And when you say anybody, how do you decide? I heard you say maybe it's the person who's the first responder, but is it always the first responder?

Alyson van Hardenberg (07:11):

It is not always the first responder, because we find it to be really important that whoever is the incident commander is not the person who is doing the deep dive into what is going on. It's more of the traffic controller knowing who is doing the investigation, when they're going to report back, what needs reporting out to support to the communications manager, who's taking notes and recording the process, all of those kinds of things.

(07:34):

So the first person to acknowledge the alert might belike, "Oh, this is my area of expertise. I'm the best person to do the deep dive into the problem. So-and-so my on-call buddy, will you be the incident commander?" And then the roles balance that way.

Matt Davis (07:52):

What is the on-call buddy?

Alyson van Hardenberg (07:55):

Oh, on our on-call rotations, we always have two, sometimes three engineers on-call. We'll have a product on-call rotation, a platform rotation, and sometimes a telemetry rotation. And we all help each other out. We're never alone on call.

Matt Davis (08:09):

I love that idea of the telemetry on-call. I've thought about that exact concept before, because as someone here at Blameless who architects and runs a lot of the telemetry infrastructure, I'm often just asked to do something in an incident. It happens all the time. "Hey Matt, this log isn't showing up. Can you help us find this log?" "Hey Matt, can you help us locate where this metric is?" Those kinds of questions, I can get there immediately because I'm living in the system and I'm like, "Oh yeah, it's right here." And I can answer those questions immediately, but immediate answers are not always possible.

(09:05):

In fact, I want to ask both of you or anybody actually, who has thought about this, the difficulty in filling out the roles. And I'll tell you what I mean. When we get called upon to be an incident commander, it often falls in our lap. I feel that way. And often when that happens, I don't know what to do, or I'm so busy mitigating that I literally don't have the cognitive ability to make sure that communications happen or to pull in the right person. How do I even know who the right person is to pull in? How do I know where to find that expertise? Alyson, you've used the term and coming from an observability company, you talked about observability in the context of incidents. Can you explain what you mean about that? Is it kind of like what I'm talking about?
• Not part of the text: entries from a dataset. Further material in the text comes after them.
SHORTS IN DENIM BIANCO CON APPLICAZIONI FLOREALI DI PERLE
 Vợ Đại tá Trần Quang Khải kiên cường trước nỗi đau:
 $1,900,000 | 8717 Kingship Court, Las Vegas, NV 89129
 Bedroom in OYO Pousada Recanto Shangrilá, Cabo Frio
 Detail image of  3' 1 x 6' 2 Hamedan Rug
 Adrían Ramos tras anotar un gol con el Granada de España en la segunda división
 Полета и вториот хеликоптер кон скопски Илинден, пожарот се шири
Alyson van Hardenberg (10:19):

When I think of observability, I think of it as a shared language between engineers and your systems. So systems are speaking their own language of logs and events and metrics. We don't necessarily speak that same language. As a product engineer, someone who's working in the front end a lot, I don't know what the instrumentation is that's coming out of our Kubernetes cluster. But I can use my observability tooling in this case Honeycomb, to ask those questions. I can say, "Show me account where there's an error." And some errors would come up in that particular data side and I can dig in from there. That's observability for me.

Matt Davis (10:56):

Okay. Do you think that there is a key bit about observability that we talk about on the human side of things?

Alyson van Hardenberg (11:13):

Absolutely. There's like a culture around observability of asking questions. Asking questions of your data, asking questions of your system, and the ability for anybody to access the tools. I mean anybody, support, sales, marketing, product to ask questions of the system unlocks the power to ask questions of each other as well. So as a product engineer on call, I feel a lot more comfortable all being like, "Hey, I ran this query over our data, I found these things, but it's not clear to me what they mean yet." I know that the platform team has more expertise in this area. "Hey, platform team, hey, platform on-call buddy, can you help me make sense of this information?" It helps me present my question from an informed place, even though I might not know anything about Kubernetes or Kafka for example.

Matt Davis (12:03):

Yeah. How would you know to go to the platform team? Is this just something that's innate knowledge or is there a spreadsheet that to go check and, "Oh yeah, this is for this team." Or is this a culture thing or tribal knowledge?

Alyson van Hardenberg (12:21):

Yeah, it's a little bit of all those things. One thing we do at Honeycomb, whenever an engineer joins the organization, we do an architectural overview. And it's always hosted by the second most recent engineer to join the team backed up by the teammates. So that helps you have an idea, "Okay, this is the architecture, these are the systems." As anew person to the engineering team, you fumble through the architecture presentation supported by the rest of the team, and everybody goes through this process of trying to understand what pieces are there in place. You don't have to have a deep understanding, but just a surface-level knowledge of what's there, where to go and look in the documentation for issues in that area.

Matt Davis (13:06):

Right. Is this the kind of training that people will retake when things change, or do only new people get the advantage of learning?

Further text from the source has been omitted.